FWF Fellow (2024–2028)






Samuel Thévoz is an FWF Fellow (2024
2028) at the Department of Religious Studies of the University of Vienna, where he has previously been a Research Fellow (20232024). He holds a licence ès lettres (2001; French Studies [major], Religious Studies, English Studies) and a Ph.D. in French Literature from the University of Lausanne (2008; his doctoral thesis was awarded the Faculty Prize). Subsequently, he was junior research fellow at Sorbonne University (Paris-3 and Paris-4 Universities) sponsored by the Swiss National Science Foundation (SNF; 2007–2008); junior lecturer at the Department of French Studies (Faculty of Arts) of the University of Lausanne; advanced researcher sponsored by the SNF (2012–2015; Paris, Munich, Tōkyō); research fellow sponsored by the Robert H. N. Ho Family Foundation Program in Buddhist Studies (2016–2017); and invited scholar at the French National Institute for Art History (2022).
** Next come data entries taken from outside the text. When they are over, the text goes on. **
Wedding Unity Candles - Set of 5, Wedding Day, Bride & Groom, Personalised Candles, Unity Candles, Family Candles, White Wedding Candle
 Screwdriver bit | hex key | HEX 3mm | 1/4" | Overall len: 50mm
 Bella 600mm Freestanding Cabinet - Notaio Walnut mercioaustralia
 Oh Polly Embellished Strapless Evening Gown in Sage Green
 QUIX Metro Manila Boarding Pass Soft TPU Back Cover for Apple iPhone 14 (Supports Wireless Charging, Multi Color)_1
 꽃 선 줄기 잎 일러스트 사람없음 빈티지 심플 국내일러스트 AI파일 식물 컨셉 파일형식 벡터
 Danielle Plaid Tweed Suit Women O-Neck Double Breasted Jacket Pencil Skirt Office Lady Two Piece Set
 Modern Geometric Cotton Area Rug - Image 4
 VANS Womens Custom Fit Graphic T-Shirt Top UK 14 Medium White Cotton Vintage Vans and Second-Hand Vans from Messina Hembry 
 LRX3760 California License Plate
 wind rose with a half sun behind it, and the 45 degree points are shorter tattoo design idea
He has recently received an Ashoka Grant from the Khyentse Foundation (2022–2023). Since 2018, he has worked as an independent scholar associated with the THALIM-research unit (UMR 7172 “Theory and History of Modern Arts and Literature”—Sorbonne University nouvelle Paris-3, National Center for Scientific Research, École normale supérieure). A specialist of French literary and cultural history, he has chiefly worked at the crossroads of Literary Studies and Religious Studies. His main research interests include the perception of Tibet in European travel literature, academia, and esotericism; French and Swiss women travelers to Asia; the first travel accounts of Tibetans and Asian Buddhists to France and Europe; the cultural history of Tibetan and Buddhist studies in France; Indian religions in Francophone Mauritian literature; the reception of Buddhism and yoga in literary, theatrical, artistic, scholarly, and esoteric milieus from a global perspective, with special attention to France, Switzerland, and Belgium, the fin de siècle period and early twentieth century, and women’s productions, networks, and agency. As a Research Fellow at the Department he works on the reception of and engagement with Tibetan Buddhism in France and Europe, with a focus on the life and work of Alexandra David-Neel.